Lá fui eu ler a matéria nesta Folha com a seguinte manchete “Mortes pela polícia caem no Brasil pela primeira vez em oito anos.” No país cuja polícia mata, em números absolutos, seis vezes mais do que a dos EUA e cujas taxas de homicídio estão entre as mais altas do mundo, rivalizando com Colômbia, México e Venezuela, a redução do Estado que mata —mesmo que por uma pequena margem de 4% em 2021 em relação ao ano anterior— parece algo positivo.
E aí está o engano. O bálsamo efêmero propiciado pela dita manchete evaporou quando encontrei um corpo negro, igual ao meu, estendido no chão logo ali no subtítulo da matéria: se você é negro, a letalidade policial aumentou 5,8% no mesmo período; se você é branco, celebre: a polícia te matou 31% menos.

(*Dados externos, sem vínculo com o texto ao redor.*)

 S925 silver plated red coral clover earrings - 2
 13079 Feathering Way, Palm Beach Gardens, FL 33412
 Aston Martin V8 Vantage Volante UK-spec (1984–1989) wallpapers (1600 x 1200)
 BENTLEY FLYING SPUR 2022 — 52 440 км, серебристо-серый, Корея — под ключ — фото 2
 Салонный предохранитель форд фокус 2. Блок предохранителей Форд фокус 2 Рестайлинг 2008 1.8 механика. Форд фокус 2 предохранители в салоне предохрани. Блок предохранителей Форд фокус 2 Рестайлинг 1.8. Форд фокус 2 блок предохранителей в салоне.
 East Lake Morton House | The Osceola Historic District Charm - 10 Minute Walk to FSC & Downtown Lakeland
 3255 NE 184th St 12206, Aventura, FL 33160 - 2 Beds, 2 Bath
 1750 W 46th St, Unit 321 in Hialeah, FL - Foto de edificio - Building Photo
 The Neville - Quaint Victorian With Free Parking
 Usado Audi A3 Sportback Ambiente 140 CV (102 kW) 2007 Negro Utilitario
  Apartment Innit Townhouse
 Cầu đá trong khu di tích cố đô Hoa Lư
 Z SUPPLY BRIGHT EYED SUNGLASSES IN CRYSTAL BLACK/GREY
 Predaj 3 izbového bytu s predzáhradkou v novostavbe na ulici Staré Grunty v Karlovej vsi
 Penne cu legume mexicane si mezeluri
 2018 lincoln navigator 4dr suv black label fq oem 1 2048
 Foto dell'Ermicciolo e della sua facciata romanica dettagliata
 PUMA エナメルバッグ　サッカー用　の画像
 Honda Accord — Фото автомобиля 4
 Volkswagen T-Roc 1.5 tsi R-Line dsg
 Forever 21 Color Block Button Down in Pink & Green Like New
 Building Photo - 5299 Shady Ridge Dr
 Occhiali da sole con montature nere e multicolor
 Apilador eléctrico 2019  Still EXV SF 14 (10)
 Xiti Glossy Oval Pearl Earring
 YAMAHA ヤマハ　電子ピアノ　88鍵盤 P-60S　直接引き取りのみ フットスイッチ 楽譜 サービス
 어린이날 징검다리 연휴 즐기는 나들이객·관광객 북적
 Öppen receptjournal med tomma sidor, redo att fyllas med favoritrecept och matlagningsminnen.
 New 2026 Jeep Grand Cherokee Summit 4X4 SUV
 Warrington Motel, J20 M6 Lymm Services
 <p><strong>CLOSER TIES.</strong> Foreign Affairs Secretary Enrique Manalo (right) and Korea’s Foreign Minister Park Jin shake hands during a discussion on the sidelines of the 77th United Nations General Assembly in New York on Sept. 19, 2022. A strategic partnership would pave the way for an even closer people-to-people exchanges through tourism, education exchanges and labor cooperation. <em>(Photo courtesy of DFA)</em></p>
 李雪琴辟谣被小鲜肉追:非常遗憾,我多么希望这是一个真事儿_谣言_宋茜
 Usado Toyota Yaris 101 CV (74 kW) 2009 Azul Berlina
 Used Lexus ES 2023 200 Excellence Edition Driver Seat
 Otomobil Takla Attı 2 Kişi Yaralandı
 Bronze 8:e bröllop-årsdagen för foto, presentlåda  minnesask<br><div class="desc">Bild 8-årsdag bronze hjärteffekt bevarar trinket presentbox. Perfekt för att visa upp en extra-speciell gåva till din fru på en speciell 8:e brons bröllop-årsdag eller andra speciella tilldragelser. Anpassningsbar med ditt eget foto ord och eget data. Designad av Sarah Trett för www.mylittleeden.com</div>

Dito de outra forma, as polícias brasileiras mataram 5 em cada 100 mil negros em 2021; entre os brancos, o índice é 1 a 100 mil. Isso vale igualmente para povos indígenas. Se você não mora na região onde o estado, o tráfico, e o genocídio indígena matam, celebre: 6% das mortes violentas diminuíram no país; se você mora na região Norte, chore: houve aumento de 9% nas mortes violentas. A dúvida sobre quem é negro no país a polícia já resolveu a bala.
Esse é tempo de um país partido. Há quem viva na Suécia, e governe os demais a partir dali, e há quem viva nas trincheiras de guerra do lado de cá e por outros é governado e morto. Acostumamo-nos tanto a sermos um país de mortes partidas, do genocídio cotidiano cindido, que esquecemos que estamos todos no mesmo navio negreiro onde o braço armado do Estado executa, entre suas vítimas, 84% de negros.
O problema, meus caros, é que, enquanto a Suécia não entender que é ela quem comanda a execução do nosso lado sírio de cá, enquanto não entendermos que o país cindido pelas mortes que só recaem em uma margem do rio é um só país, não conseguiremos entender que, para o corpo negro estendido no chão, a letalidade persiste e não há nada a celebrar.